§ Collection entries:
Content starts

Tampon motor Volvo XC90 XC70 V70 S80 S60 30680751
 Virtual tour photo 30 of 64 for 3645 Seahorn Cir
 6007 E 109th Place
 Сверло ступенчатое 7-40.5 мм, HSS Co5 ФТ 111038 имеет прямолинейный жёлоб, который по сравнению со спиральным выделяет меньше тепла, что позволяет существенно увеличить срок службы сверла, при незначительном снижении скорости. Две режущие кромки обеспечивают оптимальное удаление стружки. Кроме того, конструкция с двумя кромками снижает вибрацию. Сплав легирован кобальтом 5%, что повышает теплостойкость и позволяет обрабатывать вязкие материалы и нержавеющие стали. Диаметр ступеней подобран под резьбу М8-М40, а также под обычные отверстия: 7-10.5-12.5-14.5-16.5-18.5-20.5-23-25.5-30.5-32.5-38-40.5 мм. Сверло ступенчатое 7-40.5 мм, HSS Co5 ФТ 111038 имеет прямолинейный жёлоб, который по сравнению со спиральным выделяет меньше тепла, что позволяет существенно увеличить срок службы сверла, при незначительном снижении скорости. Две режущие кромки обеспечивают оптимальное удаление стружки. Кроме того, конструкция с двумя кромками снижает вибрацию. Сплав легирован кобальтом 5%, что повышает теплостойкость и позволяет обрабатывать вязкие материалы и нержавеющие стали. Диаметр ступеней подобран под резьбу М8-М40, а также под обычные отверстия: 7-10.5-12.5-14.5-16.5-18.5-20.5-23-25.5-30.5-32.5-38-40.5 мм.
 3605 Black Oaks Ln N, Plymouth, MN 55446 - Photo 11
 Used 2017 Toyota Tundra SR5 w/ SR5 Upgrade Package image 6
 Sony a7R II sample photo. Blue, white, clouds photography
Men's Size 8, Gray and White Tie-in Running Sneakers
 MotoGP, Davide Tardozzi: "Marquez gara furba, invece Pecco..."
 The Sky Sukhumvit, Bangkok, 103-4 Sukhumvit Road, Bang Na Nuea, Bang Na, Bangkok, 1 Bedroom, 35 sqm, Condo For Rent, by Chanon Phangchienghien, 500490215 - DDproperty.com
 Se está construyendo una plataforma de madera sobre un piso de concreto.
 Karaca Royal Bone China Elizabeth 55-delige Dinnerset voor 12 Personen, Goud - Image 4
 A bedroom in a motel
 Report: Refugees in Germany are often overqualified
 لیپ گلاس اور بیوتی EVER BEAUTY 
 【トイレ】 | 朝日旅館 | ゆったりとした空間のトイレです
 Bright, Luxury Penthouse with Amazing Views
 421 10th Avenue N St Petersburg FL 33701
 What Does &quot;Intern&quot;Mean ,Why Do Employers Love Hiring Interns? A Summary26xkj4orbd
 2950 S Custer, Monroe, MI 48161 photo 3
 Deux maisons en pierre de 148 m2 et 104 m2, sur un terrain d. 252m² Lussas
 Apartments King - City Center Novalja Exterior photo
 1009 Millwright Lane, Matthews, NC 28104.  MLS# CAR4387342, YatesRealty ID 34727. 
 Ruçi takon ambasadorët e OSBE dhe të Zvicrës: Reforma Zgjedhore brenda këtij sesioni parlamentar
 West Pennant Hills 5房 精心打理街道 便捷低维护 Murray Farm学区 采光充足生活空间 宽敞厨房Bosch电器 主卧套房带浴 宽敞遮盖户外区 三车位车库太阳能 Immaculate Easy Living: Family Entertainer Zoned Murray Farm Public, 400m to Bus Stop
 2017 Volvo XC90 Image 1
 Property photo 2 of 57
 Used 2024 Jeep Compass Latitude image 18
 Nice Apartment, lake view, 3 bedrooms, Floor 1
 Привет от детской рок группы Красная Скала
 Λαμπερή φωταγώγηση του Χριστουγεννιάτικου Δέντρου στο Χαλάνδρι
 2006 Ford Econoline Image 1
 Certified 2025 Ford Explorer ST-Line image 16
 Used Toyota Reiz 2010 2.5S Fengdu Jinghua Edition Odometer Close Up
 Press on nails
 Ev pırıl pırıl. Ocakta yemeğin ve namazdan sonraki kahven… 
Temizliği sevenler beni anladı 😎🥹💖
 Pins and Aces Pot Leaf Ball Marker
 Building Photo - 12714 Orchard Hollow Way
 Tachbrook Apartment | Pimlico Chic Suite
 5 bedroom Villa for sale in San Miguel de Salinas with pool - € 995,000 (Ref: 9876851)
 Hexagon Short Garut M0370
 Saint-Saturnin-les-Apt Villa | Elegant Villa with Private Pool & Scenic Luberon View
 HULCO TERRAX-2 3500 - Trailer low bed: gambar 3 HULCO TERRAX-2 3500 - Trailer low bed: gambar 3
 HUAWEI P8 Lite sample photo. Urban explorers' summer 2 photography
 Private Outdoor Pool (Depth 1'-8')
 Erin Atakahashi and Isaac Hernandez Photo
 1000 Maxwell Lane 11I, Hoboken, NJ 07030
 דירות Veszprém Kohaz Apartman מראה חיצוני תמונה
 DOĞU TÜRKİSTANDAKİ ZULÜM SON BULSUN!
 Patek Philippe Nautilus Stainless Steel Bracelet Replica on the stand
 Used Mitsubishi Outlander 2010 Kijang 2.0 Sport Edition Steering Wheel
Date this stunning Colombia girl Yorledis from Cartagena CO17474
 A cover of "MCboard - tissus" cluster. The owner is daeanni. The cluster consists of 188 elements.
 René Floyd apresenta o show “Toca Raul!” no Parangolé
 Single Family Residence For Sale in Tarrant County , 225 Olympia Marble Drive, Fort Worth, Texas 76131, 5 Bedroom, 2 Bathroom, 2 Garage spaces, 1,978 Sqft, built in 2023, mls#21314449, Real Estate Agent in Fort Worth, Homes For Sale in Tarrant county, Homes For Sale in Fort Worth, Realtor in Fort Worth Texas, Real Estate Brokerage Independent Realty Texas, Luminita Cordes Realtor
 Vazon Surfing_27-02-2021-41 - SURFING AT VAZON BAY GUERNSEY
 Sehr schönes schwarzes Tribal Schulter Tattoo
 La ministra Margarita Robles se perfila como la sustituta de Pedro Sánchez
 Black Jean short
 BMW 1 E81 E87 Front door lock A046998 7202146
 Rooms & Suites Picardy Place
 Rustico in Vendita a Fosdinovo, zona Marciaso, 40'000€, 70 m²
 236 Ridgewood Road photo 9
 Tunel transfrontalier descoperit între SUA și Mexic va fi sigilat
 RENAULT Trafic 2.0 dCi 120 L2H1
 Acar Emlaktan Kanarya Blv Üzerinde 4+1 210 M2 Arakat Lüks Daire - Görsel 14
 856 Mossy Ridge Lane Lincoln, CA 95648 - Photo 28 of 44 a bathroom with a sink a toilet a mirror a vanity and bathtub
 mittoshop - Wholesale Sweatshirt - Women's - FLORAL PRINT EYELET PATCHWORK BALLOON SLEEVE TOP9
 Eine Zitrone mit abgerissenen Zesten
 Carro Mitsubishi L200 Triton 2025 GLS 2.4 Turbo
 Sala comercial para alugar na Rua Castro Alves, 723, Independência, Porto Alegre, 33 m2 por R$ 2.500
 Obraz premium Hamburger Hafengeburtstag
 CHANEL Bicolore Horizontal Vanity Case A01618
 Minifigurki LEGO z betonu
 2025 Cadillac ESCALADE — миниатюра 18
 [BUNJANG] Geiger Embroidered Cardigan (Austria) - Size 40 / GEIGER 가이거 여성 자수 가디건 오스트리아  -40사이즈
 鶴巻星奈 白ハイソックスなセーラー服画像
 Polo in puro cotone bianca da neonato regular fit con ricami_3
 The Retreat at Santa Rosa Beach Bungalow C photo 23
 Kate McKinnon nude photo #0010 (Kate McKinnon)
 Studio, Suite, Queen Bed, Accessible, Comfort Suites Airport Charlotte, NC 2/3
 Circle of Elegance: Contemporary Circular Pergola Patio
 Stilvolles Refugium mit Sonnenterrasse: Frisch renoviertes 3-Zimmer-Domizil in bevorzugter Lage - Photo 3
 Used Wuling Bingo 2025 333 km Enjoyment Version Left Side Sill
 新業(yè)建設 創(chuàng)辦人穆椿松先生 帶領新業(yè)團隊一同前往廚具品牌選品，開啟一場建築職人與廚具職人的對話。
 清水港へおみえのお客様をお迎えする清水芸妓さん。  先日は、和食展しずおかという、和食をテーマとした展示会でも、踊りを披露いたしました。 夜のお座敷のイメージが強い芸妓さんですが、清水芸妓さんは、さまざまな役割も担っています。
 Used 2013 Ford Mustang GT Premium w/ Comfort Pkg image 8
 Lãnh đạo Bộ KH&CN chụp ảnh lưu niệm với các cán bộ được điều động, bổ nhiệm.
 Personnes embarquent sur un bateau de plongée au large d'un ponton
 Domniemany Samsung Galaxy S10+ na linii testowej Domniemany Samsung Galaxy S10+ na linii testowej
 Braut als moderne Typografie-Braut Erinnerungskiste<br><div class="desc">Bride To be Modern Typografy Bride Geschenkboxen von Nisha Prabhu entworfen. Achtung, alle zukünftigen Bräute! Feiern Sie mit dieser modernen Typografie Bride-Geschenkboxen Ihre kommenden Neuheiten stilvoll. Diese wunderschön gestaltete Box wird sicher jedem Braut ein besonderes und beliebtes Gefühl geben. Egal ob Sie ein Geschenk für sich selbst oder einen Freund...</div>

Content ends

§ ASSIGNMENT: Both the first line of the data above and the line with "6007 E 109th Place" must be included; please return exactly those lines and the ones between them.

§ SOLUTION:
Tampon motor Volvo XC90 XC70 V70 S80 S60 30680751
 Virtual tour photo 30 of 64 for 3645 Seahorn Cir
 6007 E 109th Place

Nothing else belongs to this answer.